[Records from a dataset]
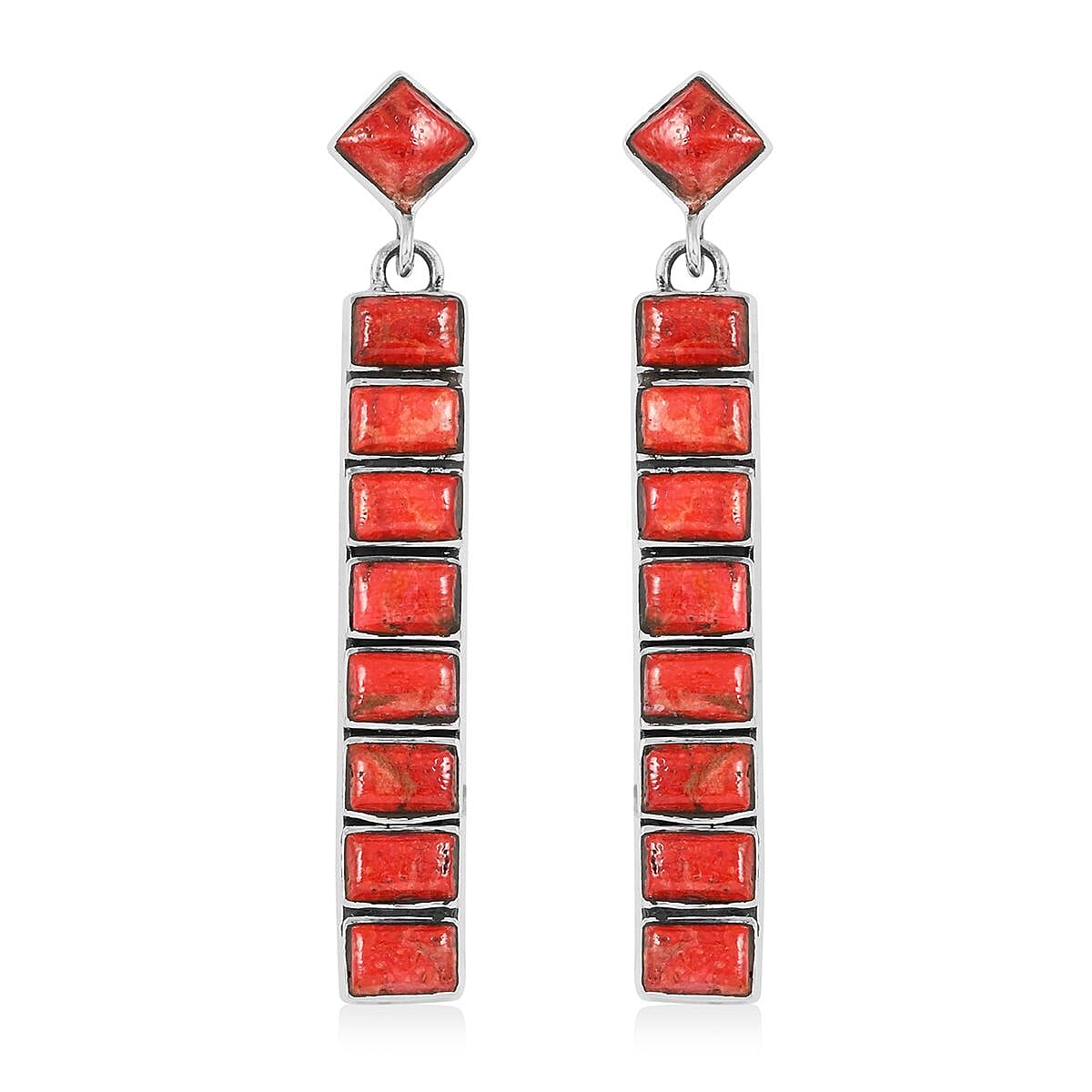 SANTA FE Style Coral Drop Earrings in Sterling Silver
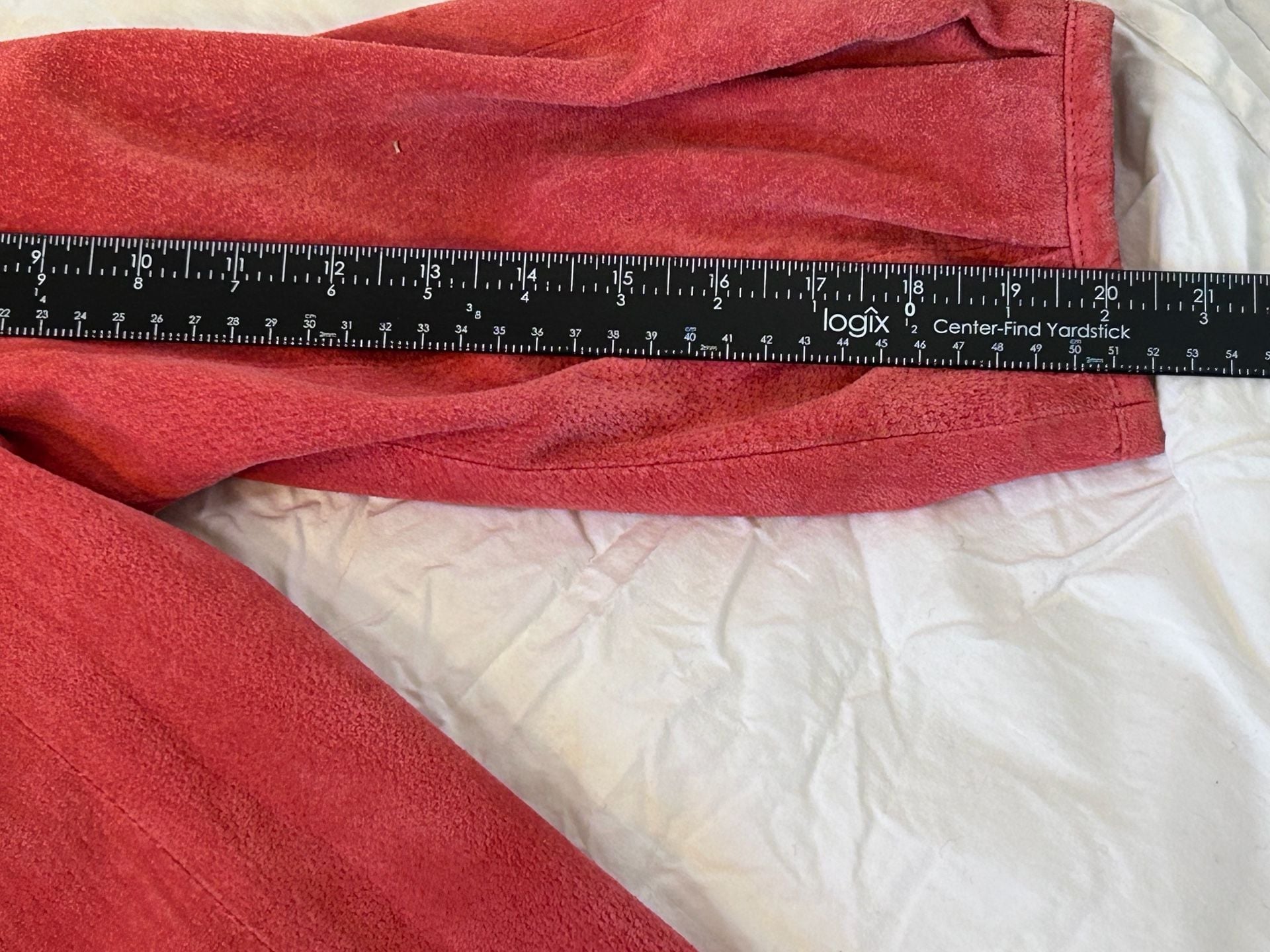 AMX Suede Jacket Size M Pink Leather Snap Button Peter Pan Collar 17
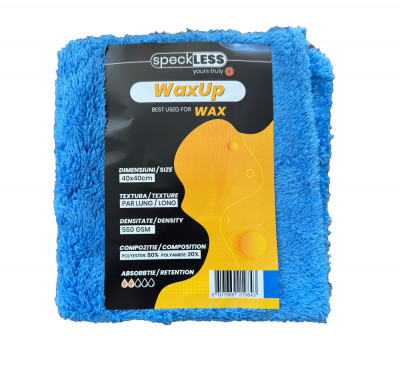 Laveta Microfibre fara Margini speckLESS WaxUp, Albastru, 550 GSM, 40x40cm, 5 buc foto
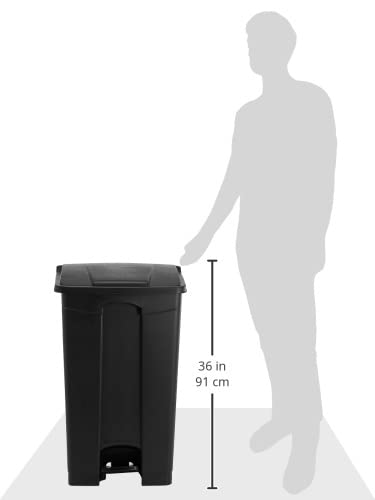 SAFCO Step On Plastic Trash Can with Foot Pedal, Hands Free Indoor All-Purpose Waste Bin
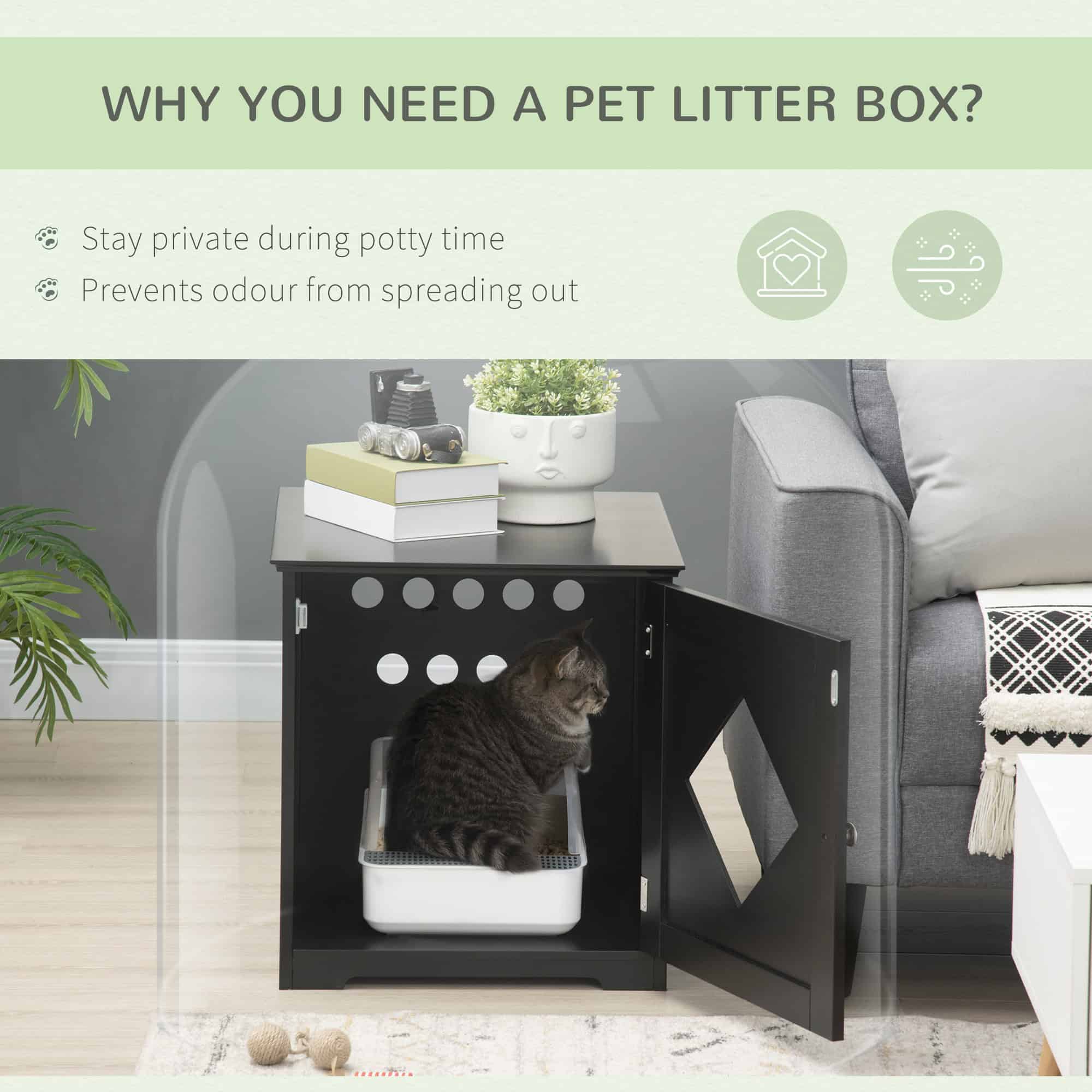 Cat Litter Box Enclosure End Table, Indoor Cat Washroom with Magnetic Door, Hidden Litter Box Nightstand with Large Tabletop, Easy Assembly, Black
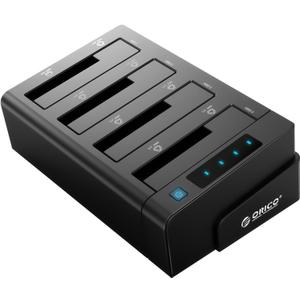 ORICO 4 Bay External Hard Drive Docking Station USB 3.2 Gen 1 to SATA I/II/III for 2.5''/3.5'' HDD SSD with Hard Drive Duplicator/Cloner Function Support UASP [4 x 20TB]-6648US3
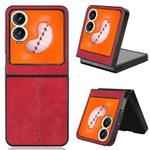 For Tecno Phantom V Flip2 Cow Pattern Sewing Back Cover Phone Case(Red)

» **WHAT YOU ARE ASKED TO DO**
Output nothing but the records, word for word, and none of their pictures.

» **WRITTEN SOLUTION**
 SANTA FE Style Coral Drop Earrings in Sterling Silver
 AMX Suede Jacket Size M Pink Leather Snap Button Peter Pan Collar 17
 Laveta Microfibre fara Margini speckLESS WaxUp, Albastru, 550 GSM, 40x40cm, 5 buc foto
 SAFCO Step On Plastic Trash Can with Foot Pedal, Hands Free Indoor All-Purpose Waste Bin
 Cat Litter Box Enclosure End Table, Indoor Cat Washroom with Magnetic Door, Hidden Litter Box Nightstand with Large Tabletop, Easy Assembly, Black
 ORICO 4 Bay External Hard Drive Docking Station USB 3.2 Gen 1 to SATA I/II/III for 2.5''/3.5'' HDD SSD with Hard Drive Duplicator/Cloner Function Support UASP [4 x 20TB]-6648US3
 For Tecno Phantom V Flip2 Cow Pattern Sewing Back Cover Phone Case(Red)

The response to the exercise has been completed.